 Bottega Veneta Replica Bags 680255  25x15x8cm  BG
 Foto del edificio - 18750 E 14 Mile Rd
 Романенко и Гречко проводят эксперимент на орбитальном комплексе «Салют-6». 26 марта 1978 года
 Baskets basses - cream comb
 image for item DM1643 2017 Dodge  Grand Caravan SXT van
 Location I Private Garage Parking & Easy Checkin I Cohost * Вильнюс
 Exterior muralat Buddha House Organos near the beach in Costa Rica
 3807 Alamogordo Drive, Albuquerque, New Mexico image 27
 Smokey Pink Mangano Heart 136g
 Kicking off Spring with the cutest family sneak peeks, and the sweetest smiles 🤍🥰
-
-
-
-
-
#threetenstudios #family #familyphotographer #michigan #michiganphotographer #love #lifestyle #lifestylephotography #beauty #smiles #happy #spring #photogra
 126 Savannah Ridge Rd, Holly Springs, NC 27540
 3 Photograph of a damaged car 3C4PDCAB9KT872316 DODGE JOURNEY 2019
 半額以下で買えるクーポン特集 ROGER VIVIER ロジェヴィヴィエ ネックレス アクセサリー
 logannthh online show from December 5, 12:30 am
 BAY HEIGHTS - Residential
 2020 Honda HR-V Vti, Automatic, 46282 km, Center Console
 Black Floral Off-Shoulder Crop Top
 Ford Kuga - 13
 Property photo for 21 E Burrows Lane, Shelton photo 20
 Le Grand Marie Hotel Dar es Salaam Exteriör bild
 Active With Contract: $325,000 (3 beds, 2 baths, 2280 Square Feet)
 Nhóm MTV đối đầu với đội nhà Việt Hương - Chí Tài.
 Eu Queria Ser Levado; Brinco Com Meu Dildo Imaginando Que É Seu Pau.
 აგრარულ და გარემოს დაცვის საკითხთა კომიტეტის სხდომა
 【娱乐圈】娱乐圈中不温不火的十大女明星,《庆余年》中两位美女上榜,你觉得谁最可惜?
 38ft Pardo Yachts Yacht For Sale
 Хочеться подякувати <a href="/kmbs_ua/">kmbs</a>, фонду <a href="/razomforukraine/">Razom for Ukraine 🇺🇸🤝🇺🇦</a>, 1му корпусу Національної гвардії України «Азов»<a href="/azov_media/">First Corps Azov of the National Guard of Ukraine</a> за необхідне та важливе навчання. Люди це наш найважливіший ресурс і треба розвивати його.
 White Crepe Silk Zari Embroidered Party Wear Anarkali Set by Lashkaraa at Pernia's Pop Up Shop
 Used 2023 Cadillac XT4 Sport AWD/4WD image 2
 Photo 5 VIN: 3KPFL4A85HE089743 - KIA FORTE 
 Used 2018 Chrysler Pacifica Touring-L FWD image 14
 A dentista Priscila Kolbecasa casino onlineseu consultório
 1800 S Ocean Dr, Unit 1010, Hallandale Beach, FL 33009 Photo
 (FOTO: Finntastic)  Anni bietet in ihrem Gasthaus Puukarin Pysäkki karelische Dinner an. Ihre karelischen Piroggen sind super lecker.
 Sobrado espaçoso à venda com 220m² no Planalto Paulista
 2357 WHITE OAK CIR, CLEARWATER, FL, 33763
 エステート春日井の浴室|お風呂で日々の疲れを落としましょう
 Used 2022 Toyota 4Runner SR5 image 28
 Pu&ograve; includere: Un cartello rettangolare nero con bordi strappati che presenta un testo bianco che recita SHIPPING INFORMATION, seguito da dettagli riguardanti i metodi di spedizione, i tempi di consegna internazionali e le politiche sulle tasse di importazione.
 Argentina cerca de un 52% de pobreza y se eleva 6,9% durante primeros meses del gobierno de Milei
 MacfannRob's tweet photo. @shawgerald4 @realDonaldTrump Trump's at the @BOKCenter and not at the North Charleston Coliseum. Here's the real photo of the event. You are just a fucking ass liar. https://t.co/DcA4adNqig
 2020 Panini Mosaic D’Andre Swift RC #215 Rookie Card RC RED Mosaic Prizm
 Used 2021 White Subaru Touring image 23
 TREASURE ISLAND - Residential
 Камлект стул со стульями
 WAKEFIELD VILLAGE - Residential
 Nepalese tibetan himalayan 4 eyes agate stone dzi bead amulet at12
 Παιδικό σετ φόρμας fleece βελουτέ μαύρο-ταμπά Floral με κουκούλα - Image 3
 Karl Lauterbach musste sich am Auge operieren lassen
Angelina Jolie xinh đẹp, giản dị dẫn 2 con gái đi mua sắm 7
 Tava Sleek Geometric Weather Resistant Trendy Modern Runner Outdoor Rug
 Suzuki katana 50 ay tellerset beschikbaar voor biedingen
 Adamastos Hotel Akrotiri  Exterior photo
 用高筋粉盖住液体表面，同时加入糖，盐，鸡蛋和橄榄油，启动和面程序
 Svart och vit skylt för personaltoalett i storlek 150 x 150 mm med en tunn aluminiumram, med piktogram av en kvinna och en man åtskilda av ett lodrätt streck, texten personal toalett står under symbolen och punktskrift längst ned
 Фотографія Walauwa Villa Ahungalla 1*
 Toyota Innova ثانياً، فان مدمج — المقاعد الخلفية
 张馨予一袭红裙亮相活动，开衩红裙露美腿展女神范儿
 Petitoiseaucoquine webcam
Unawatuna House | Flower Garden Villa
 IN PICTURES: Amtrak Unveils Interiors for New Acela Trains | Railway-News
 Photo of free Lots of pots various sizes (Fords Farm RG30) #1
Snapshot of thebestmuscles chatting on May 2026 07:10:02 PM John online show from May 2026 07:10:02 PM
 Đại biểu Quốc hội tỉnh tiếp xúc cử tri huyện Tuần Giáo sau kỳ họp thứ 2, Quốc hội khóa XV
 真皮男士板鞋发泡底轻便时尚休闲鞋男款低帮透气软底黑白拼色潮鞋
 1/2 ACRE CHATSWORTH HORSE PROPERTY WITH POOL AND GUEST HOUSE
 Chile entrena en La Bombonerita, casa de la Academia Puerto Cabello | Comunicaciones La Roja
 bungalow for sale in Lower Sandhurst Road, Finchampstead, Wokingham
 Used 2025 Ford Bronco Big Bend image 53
----
**EXERCISE AIM:** Exactly as written, reproduce the lines of the data above from the first line through the line where "2020 Honda HR-V" appears.

**OUTPUT FOR THIS EXERCISE:**
 Bottega Veneta Replica Bags 680255  25x15x8cm  BG
 Foto del edificio - 18750 E 14 Mile Rd
 Романенко и Гречко проводят эксперимент на орбитальном комплексе «Салют-6». 26 марта 1978 года
 Baskets basses - cream comb
 image for item DM1643 2017 Dodge  Grand Caravan SXT van
 Location I Private Garage Parking & Easy Checkin I Cohost * Вильнюс
 Exterior muralat Buddha House Organos near the beach in Costa Rica
 3807 Alamogordo Drive, Albuquerque, New Mexico image 27
 Smokey Pink Mangano Heart 136g
 Kicking off Spring with the cutest family sneak peeks, and the sweetest smiles 🤍🥰
-
-
-
-
-
#threetenstudios #family #familyphotographer #michigan #michiganphotographer #love #lifestyle #lifestylephotography #beauty #smiles #happy #spring #photogra
 126 Savannah Ridge Rd, Holly Springs, NC 27540
 3 Photograph of a damaged car 3C4PDCAB9KT872316 DODGE JOURNEY 2019
 半額以下で買えるクーポン特集 ROGER VIVIER ロジェヴィヴィエ ネックレス アクセサリー
 logannthh online show from December 5, 12:30 am
 BAY HEIGHTS - Residential
 2020 Honda HR-V Vti, Automatic, 46282 km, Center Console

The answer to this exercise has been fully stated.